Shortchanged
I just went to the slev's by my office for a couple morning necessities. You know, advil, red bull, two packs of lucky strikes, a taquito from the heat roller case, and a ten-pack of scratch-offs. All right, I'm not quite that ghetto, that's pretty much what everyone else there was getting.
After waiting in line for five minutes while the guy in front of me carefully selected his Powerball numbers by hand -- because using six non-randomly selected numbers dramatically increases your chance of matching the ping-pong-balls than six computer-selected numbers -- I handed the lady a twenty for my $6.87 purchase. She gave me back $13.10.

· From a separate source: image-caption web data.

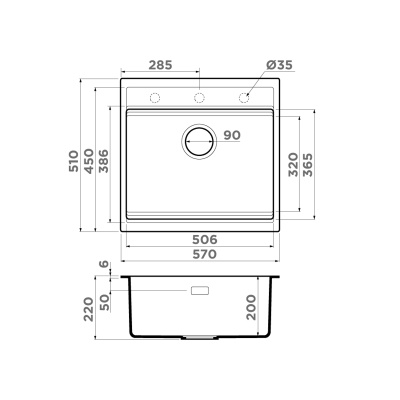 Кухонная мойка OMOIKIRI Kitagawa 57 wh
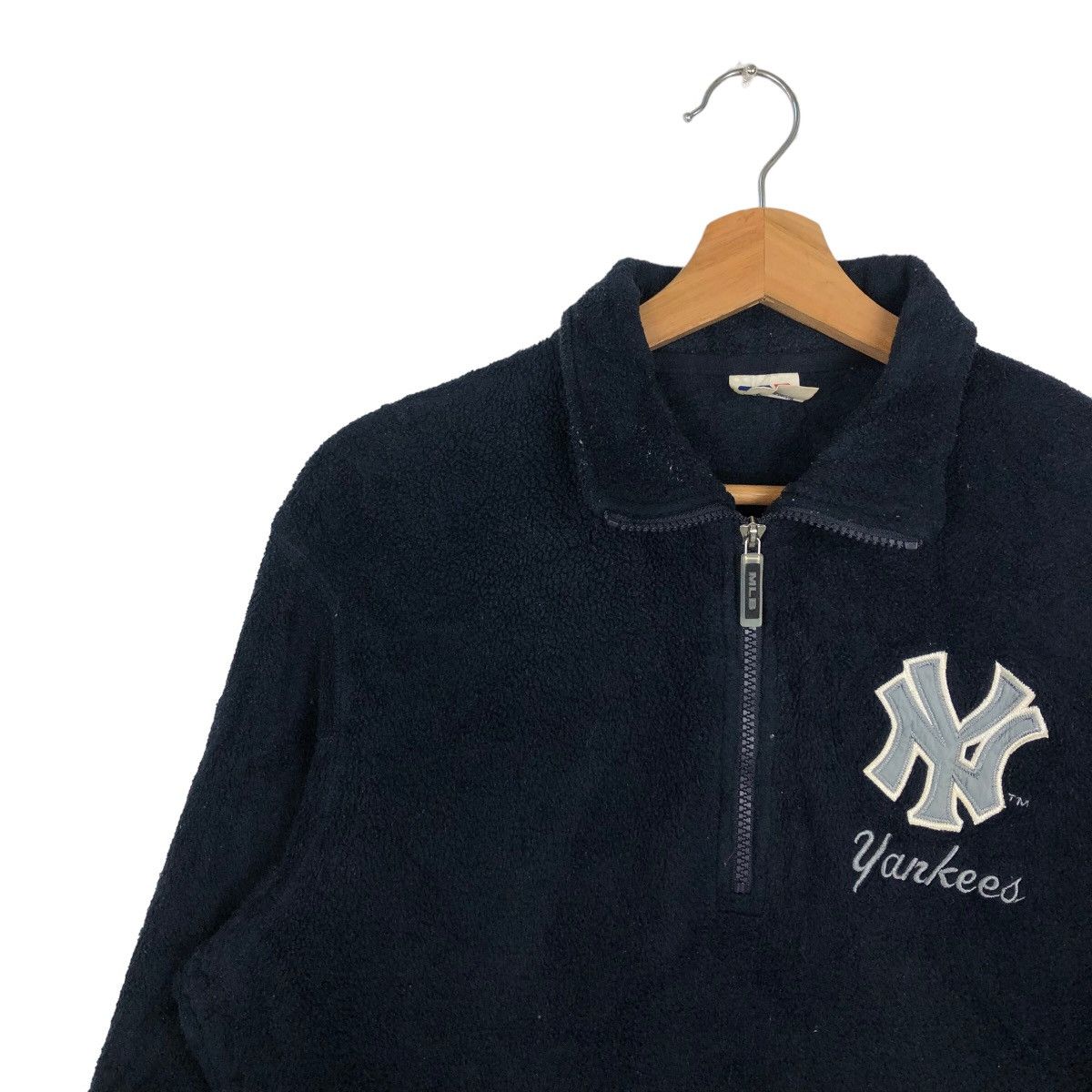 Japanese Brand VINTAGE FLEECE JACKET NEW YORK YANKEES BIG LOGO Size US L / EU 52-54 / 3 - 6 Thumbnail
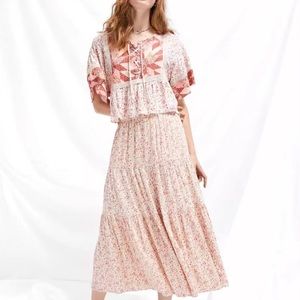 American Eagle Pink Floral Maxi Skirt Size Small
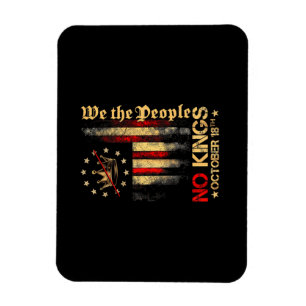Magnet Flexible Drapeau américain vintage No Kings 1776 18 octobre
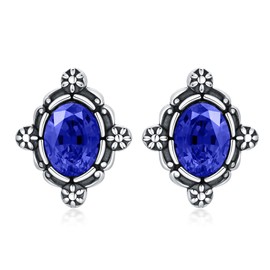 Vintage Earrings 925 Sterling Silver Oxidation Vintage Earrings Stud Earrings with 8 x 6 mm Oval Simulated Birthstone Earrings for Women Ladies, Sterling Silver, Crystal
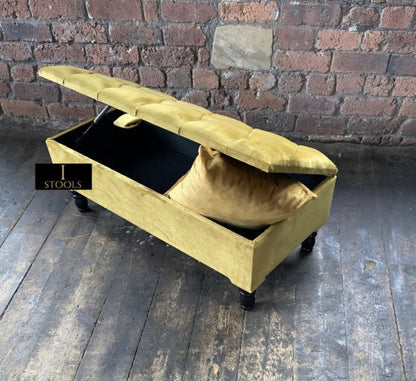 Rectangular chesterfield buttoned Storage Bench coffee table footstool - ISTOOLS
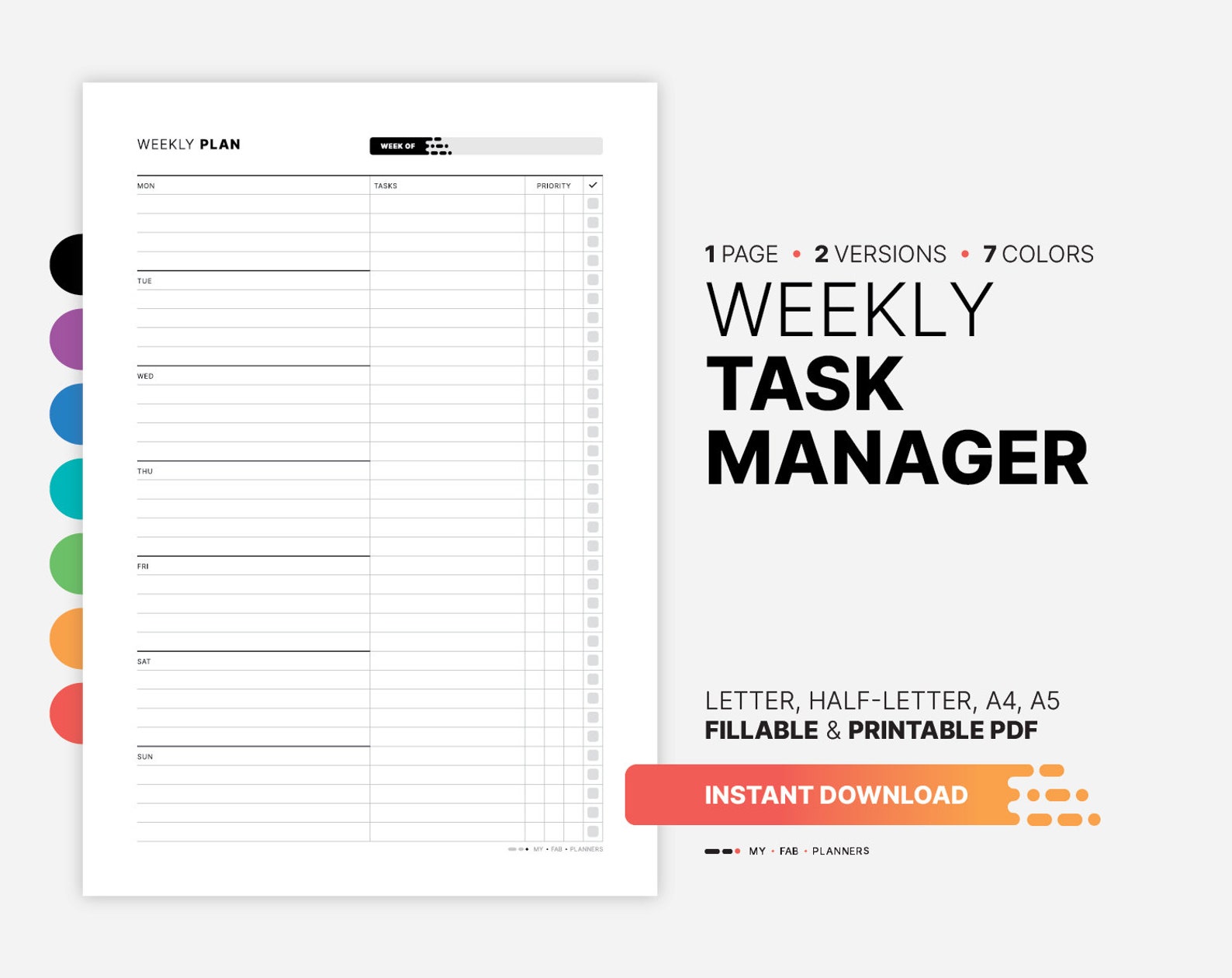 Weekly Task Manager Planner, Productivity to Do List Journal, Fillable ...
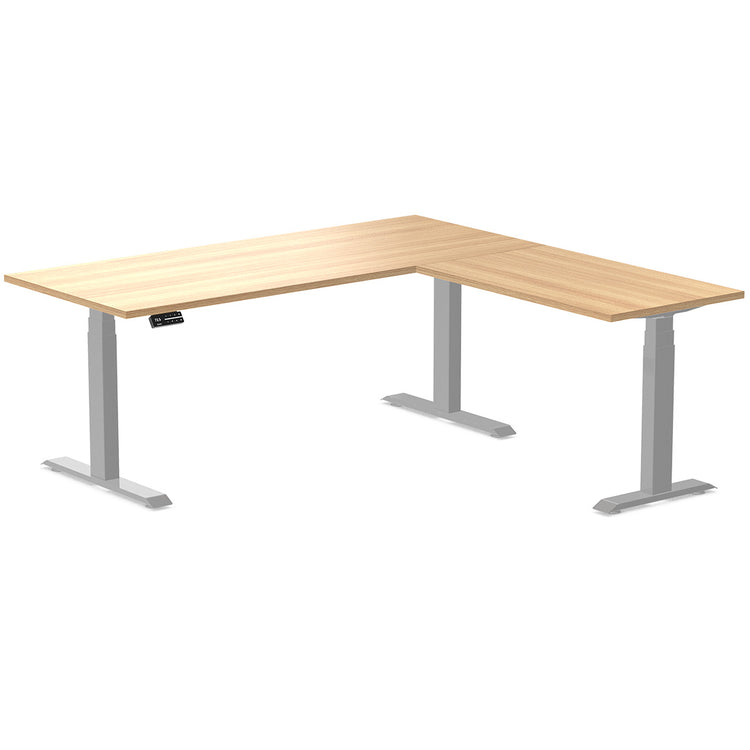 Desky Eco L-Shape Melamine Sit Stand Desk-Sublime Teak Desky®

I stared at the palm of my hand for a minute, confused. I looked again at the register. Yes, the price was $6.87. I looked back at my hand.
Jamie: It's $6.87, right?
Clerk: Right.
Jamie: (Confused) The change is $13.13.
Clerk: Right. $13.13.
Jamie: Umm. OK. Maybe I'm missing something. This is ten cents.
Clerk: Yeah?
Jamie: Do you see the problem here?
Clerk: No.
Jamie: Umm... how can I make this any more clear? I would actually like ALL the change. This is 10 cents, not 13 cents.

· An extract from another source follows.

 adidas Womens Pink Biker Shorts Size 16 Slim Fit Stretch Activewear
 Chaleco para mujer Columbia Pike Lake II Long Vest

Clerk: (Finally appearing to understand) Oh, ok.. umm...
I don't really care about the 3 cents, of course. In fact I despise pennies, and usually leave them in the penny tray. This is about principle. About the idea that someone thinks it perfectly fine to shortchange ANY amount of money, and not only that, when called out on it, doesn't really even see the problem. And if it had been one or two cents, I might not have said something, since at least that's rounding in the right direction. But rounding down - when the closest nickel is up - is being given the finger.
As it turns out, she doesn't actually have any pennies in the cash register. Which I suppose was her reason for shortchanging in the first place. So the incident finally ends with the cashier getting my three cents... by raiding the charity jar. Classy.
1 comment:
The real question: what cheap-ass puts PENNIES in a charity jar? At least huck a nickel in there.